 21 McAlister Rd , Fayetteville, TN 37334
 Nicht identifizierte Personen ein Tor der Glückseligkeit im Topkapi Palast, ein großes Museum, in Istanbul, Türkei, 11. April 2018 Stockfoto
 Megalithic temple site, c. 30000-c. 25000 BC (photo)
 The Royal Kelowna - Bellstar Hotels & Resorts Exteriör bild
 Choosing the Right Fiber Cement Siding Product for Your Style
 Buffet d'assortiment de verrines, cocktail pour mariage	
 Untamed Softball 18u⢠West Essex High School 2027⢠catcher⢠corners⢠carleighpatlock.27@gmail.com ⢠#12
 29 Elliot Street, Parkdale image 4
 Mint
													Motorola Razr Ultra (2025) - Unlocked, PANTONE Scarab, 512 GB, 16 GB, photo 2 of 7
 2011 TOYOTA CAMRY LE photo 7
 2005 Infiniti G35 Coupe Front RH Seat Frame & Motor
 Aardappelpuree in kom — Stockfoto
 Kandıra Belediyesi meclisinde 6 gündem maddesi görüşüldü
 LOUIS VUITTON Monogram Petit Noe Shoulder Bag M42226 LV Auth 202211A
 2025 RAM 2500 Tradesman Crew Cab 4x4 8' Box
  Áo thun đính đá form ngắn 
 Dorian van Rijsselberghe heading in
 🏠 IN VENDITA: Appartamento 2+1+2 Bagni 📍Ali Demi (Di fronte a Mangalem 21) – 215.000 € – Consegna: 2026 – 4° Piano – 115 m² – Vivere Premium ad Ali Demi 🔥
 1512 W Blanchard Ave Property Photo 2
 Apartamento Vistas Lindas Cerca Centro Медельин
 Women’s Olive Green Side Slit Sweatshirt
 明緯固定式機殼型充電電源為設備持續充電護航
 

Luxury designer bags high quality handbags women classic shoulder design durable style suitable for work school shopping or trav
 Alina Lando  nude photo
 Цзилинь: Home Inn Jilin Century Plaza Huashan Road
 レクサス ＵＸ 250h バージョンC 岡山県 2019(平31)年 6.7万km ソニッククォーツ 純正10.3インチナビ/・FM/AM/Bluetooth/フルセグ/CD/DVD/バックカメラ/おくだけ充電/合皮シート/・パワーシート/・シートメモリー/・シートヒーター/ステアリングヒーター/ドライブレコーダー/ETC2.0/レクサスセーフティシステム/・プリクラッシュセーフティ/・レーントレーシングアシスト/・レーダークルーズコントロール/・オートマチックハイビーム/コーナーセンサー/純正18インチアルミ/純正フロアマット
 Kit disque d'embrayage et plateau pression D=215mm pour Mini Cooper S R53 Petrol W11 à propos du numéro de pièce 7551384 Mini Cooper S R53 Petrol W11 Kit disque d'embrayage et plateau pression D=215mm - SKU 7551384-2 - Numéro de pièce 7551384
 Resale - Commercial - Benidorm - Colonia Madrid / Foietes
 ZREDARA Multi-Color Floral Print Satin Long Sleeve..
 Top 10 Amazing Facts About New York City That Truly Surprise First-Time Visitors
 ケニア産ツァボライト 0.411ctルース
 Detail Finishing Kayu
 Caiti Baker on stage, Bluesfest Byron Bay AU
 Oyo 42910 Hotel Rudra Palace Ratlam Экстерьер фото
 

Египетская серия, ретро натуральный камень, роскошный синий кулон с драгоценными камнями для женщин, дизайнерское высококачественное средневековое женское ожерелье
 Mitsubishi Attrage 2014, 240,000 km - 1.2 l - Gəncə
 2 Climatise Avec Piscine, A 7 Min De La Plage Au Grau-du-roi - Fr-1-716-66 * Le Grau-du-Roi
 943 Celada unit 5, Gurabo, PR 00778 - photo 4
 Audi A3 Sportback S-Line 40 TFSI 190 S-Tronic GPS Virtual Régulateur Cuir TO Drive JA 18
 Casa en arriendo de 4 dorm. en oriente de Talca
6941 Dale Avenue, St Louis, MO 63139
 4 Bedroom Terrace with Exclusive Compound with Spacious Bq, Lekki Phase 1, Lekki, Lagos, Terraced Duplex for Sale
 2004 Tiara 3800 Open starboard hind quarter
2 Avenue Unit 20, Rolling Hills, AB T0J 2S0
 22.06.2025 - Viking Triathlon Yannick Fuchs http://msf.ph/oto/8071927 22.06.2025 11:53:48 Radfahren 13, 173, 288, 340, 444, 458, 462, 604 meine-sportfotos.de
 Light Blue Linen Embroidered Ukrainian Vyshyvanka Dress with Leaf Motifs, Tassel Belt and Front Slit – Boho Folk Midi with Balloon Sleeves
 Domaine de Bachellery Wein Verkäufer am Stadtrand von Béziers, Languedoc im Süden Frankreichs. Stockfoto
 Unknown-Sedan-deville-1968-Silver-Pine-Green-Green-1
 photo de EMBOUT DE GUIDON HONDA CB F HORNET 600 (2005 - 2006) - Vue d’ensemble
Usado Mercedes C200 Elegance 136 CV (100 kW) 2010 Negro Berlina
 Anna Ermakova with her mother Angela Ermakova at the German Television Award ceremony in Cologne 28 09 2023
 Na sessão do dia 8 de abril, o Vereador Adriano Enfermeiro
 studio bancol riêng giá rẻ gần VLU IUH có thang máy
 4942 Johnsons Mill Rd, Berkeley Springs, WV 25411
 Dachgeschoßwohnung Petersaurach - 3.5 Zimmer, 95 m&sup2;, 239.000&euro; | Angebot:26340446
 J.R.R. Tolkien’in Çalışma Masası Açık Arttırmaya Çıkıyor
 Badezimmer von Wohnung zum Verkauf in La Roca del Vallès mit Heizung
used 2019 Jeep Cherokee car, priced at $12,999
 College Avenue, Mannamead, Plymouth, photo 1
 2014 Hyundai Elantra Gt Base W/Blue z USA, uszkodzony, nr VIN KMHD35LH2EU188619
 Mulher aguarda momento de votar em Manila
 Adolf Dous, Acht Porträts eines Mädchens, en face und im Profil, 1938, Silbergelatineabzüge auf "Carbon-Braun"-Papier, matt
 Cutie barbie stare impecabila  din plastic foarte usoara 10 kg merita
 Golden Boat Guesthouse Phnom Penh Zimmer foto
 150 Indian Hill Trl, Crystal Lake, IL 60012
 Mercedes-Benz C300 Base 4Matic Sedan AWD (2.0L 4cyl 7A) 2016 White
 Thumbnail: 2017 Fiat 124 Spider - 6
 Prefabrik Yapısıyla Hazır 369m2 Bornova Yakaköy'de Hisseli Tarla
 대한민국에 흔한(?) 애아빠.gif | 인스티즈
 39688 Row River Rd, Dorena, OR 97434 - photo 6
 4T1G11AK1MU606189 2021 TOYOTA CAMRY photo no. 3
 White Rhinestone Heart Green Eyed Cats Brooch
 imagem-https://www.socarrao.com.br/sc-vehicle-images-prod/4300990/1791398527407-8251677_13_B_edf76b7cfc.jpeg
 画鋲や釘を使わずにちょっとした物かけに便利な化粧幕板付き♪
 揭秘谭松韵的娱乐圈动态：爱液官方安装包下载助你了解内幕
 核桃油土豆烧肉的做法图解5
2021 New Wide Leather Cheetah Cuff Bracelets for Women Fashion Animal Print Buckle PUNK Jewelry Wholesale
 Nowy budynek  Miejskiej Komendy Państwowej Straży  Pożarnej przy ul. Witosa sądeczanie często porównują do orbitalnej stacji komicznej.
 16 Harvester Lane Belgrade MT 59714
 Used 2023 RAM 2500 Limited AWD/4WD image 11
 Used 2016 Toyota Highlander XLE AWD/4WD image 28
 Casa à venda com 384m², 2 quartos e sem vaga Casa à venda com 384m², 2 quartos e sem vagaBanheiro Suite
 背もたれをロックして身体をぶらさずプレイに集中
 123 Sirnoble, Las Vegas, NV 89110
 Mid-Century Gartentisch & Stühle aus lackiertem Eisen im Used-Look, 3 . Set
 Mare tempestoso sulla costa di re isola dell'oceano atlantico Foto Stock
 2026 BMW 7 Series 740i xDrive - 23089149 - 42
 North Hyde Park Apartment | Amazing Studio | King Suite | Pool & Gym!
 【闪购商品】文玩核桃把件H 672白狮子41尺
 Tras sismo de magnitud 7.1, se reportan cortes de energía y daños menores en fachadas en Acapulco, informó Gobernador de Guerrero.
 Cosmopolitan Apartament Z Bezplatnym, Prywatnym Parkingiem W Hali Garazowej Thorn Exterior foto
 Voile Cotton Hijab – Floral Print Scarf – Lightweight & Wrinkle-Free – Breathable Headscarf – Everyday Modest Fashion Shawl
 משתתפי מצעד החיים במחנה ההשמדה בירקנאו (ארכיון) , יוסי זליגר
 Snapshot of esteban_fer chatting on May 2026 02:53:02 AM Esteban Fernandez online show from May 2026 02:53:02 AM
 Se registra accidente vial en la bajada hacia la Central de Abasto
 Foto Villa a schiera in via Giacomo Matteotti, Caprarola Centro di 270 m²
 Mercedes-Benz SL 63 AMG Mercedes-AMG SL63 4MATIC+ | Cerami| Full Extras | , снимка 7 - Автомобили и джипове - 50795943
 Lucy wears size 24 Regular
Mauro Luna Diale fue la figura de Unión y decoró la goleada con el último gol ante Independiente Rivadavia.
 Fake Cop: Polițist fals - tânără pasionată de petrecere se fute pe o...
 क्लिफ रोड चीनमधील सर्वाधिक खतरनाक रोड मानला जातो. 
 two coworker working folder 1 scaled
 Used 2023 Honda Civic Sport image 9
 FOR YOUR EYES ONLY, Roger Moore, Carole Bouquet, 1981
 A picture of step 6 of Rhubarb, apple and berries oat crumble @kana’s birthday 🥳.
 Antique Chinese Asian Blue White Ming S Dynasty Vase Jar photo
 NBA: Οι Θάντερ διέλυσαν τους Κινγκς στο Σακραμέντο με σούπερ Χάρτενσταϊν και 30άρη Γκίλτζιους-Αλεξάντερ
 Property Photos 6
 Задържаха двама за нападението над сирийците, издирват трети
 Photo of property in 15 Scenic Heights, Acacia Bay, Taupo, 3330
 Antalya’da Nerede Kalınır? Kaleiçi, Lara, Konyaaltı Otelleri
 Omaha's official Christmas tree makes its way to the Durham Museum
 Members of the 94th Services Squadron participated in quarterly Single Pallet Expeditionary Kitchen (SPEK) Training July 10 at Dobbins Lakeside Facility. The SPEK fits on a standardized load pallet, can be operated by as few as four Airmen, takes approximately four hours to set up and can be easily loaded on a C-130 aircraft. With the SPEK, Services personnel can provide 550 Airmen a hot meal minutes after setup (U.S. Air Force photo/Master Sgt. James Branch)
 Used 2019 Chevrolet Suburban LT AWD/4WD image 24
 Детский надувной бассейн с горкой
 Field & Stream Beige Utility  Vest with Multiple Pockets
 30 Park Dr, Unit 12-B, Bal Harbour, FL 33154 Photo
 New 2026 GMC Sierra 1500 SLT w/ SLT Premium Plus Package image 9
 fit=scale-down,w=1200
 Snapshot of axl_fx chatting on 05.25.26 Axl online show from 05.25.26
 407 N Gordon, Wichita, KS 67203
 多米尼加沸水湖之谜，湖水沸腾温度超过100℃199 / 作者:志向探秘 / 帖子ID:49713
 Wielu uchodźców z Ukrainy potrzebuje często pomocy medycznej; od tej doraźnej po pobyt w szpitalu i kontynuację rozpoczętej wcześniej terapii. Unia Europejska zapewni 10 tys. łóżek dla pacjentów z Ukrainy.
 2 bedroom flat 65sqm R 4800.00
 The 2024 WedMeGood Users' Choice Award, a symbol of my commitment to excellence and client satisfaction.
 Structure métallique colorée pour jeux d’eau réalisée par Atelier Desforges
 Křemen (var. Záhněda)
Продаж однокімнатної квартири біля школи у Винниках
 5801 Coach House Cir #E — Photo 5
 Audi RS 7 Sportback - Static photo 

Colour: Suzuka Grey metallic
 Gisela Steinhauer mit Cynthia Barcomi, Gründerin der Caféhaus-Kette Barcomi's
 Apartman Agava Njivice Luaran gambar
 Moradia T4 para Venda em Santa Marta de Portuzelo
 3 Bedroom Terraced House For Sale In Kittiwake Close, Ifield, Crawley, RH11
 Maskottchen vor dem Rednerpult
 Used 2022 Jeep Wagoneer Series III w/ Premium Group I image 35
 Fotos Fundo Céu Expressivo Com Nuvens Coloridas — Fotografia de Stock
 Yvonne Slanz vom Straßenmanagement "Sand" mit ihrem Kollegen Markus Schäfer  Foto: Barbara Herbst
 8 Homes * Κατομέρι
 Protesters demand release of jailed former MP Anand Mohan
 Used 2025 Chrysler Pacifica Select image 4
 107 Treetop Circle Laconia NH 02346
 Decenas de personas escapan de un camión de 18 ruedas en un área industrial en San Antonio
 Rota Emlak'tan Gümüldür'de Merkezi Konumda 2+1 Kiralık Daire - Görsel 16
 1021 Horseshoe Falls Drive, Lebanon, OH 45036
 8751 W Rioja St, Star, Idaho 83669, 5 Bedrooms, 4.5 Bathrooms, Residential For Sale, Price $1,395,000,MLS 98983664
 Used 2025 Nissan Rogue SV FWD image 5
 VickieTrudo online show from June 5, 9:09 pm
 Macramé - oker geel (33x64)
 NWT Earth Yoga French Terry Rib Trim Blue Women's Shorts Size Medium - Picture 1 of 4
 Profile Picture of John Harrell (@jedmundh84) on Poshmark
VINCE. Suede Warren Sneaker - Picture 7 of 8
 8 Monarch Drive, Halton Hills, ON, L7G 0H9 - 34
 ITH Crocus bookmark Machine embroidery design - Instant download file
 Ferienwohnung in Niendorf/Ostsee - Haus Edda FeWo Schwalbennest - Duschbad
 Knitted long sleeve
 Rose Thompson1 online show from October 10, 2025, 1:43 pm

Assignment:
Above are the lines; repeat exactly the ones from the line containing "Египетская серия, ретро" down to the line containing "Dachgeschoßwohnung Petersaurach - 3.5", both inclusive.

Response below:
Египетская серия, ретро натуральный камень, роскошный синий кулон с драгоценными камнями для женщин, дизайнерское высококачественное средневековое женское ожерелье
 Mitsubishi Attrage 2014, 240,000 km - 1.2 l - Gəncə
 2 Climatise Avec Piscine, A 7 Min De La Plage Au Grau-du-roi - Fr-1-716-66 * Le Grau-du-Roi
 943 Celada unit 5, Gurabo, PR 00778 - photo 4
 Audi A3 Sportback S-Line 40 TFSI 190 S-Tronic GPS Virtual Régulateur Cuir TO Drive JA 18
 Casa en arriendo de 4 dorm. en oriente de Talca
6941 Dale Avenue, St Louis, MO 63139
 4 Bedroom Terrace with Exclusive Compound with Spacious Bq, Lekki Phase 1, Lekki, Lagos, Terraced Duplex for Sale
 2004 Tiara 3800 Open starboard hind quarter
2 Avenue Unit 20, Rolling Hills, AB T0J 2S0
 22.06.2025 - Viking Triathlon Yannick Fuchs http://msf.ph/oto/8071927 22.06.2025 11:53:48 Radfahren 13, 173, 288, 340, 444, 458, 462, 604 meine-sportfotos.de
 Light Blue Linen Embroidered Ukrainian Vyshyvanka Dress with Leaf Motifs, Tassel Belt and Front Slit – Boho Folk Midi with Balloon Sleeves
 Domaine de Bachellery Wein Verkäufer am Stadtrand von Béziers, Languedoc im Süden Frankreichs. Stockfoto
 Unknown-Sedan-deville-1968-Silver-Pine-Green-Green-1
 photo de EMBOUT DE GUIDON HONDA CB F HORNET 600 (2005 - 2006) - Vue d’ensemble
Usado Mercedes C200 Elegance 136 CV (100 kW) 2010 Negro Berlina
 Anna Ermakova with her mother Angela Ermakova at the German Television Award ceremony in Cologne 28 09 2023
 Na sessão do dia 8 de abril, o Vereador Adriano Enfermeiro
 studio bancol riêng giá rẻ gần VLU IUH có thang máy
 4942 Johnsons Mill Rd, Berkeley Springs, WV 25411
 Dachgeschoßwohnung Petersaurach - 3.5 Zimmer, 95 m&sup2;, 239.000&euro; | Angebot:26340446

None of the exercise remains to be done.